Jul 22, 2011 12:09 GMT  ·  By
Aboard the research vessel Akademik, WHOI scientist Alan Gagnon prepares core samples
   Aboard the research vessel Akademik, WHOI scientist Alan Gagnon prepares core samples

For many years, experts have believed that organisms change in order to adapt to adversities in their environment, including microbial invaders. But new discoveries are showing that species of viruses can coexist with certain species of algae for several centuries.

The weird thing about this is that the neither of the two organisms changed in response to the other's presence. In humans, for example, the immune system adapts to destroy foreign invaders, which in turn adapt to become smarter than immune cells.

This results in a never-ending struggle between invaders and the invaded organisms. Oddly enough, when experts analyze the DNA contained in sediments extracted from the Black Sea, they found that species of algae were perfectly capable if living with the same invader for centuries on end.

What this work implies is that the role played by viruses in shaping oceanic and freshwater ecosystems may have been largely ignored. The new study was coordinated by experts at the Woods Hole Oceanographic Institution (WHOI).

“The finding that the DNA of viruses and their algal hosts can be preserved in the geologic record is of great interest to microbial ecologists,” explains researcher Marco Coolen, a WHOI scientist.

“It offers unprecedented insights into long-term algal, viral and host population dynamics between globally important algae and their viral pathogens in the ocean,” the team member goes on to say.

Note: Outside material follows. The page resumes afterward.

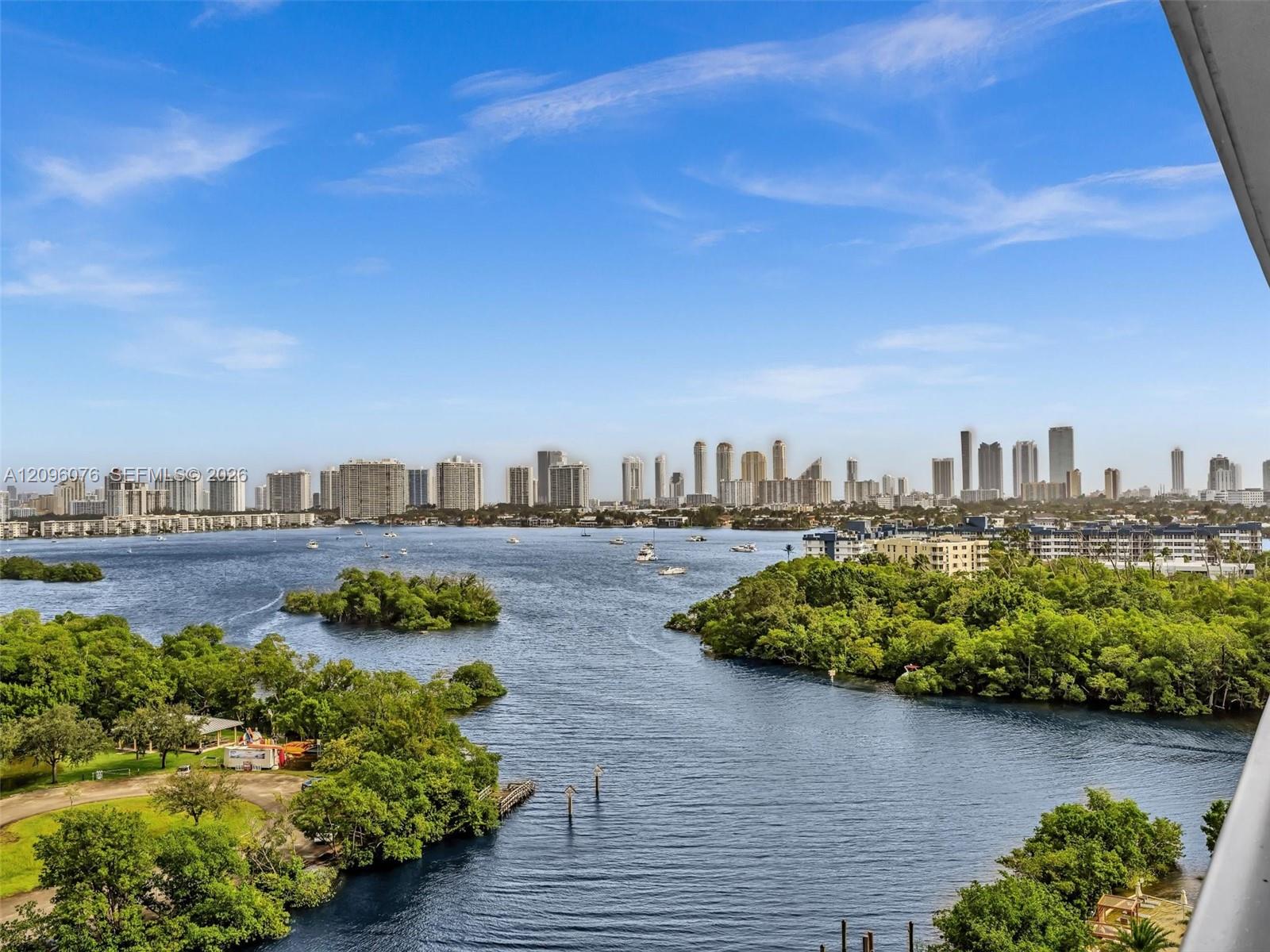 Panoramic skyline and expansive water scenery featuring a wide waterway, coastal vegetation, and urban high-rise buildings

He is also the author of a new scientific paper describing the findings, which is published in the latest issue of the top journal Science. The investigation was conducted with funds secured from the US National Science Foundation (NSF).

“We know that viruses play an important role in phytoplankton population dynamics in today's oceans. This research shows that this was also true in the distant past,” NSF Division of Ocean Sciences official David Garrison explains.

The new study was conducted in the Black Sea. Experts extracted genetic records that were more than 7,000 years old, which had been preserved under layers of sediment. It was found that the viral agent Coccolithovirus could live with its host, Emiliania huxleyi, for centuries.

E. huxleyi is a species of phytoplankton, one of the microscopic organisms that represents the bottom of the marine food webs. These creatures are also responsible for extracting carbon dioxide from the atmosphere, which contributes to the acidification of oceans.

“Biologists now have a picture of long-term viral/host dynamics in the ocean. Previous laboratory work had confirmed such co-existence for only a few successive years,” Coolen explains.

“Comparable studies could be employed in a wide variety of marine and lake ecosystems. In a different and broader context," he added, "it may be possible to reconstruct the historical spread of human viral diseases, since a variety of human viral infections are also caused by DNA viruses,” he concludes.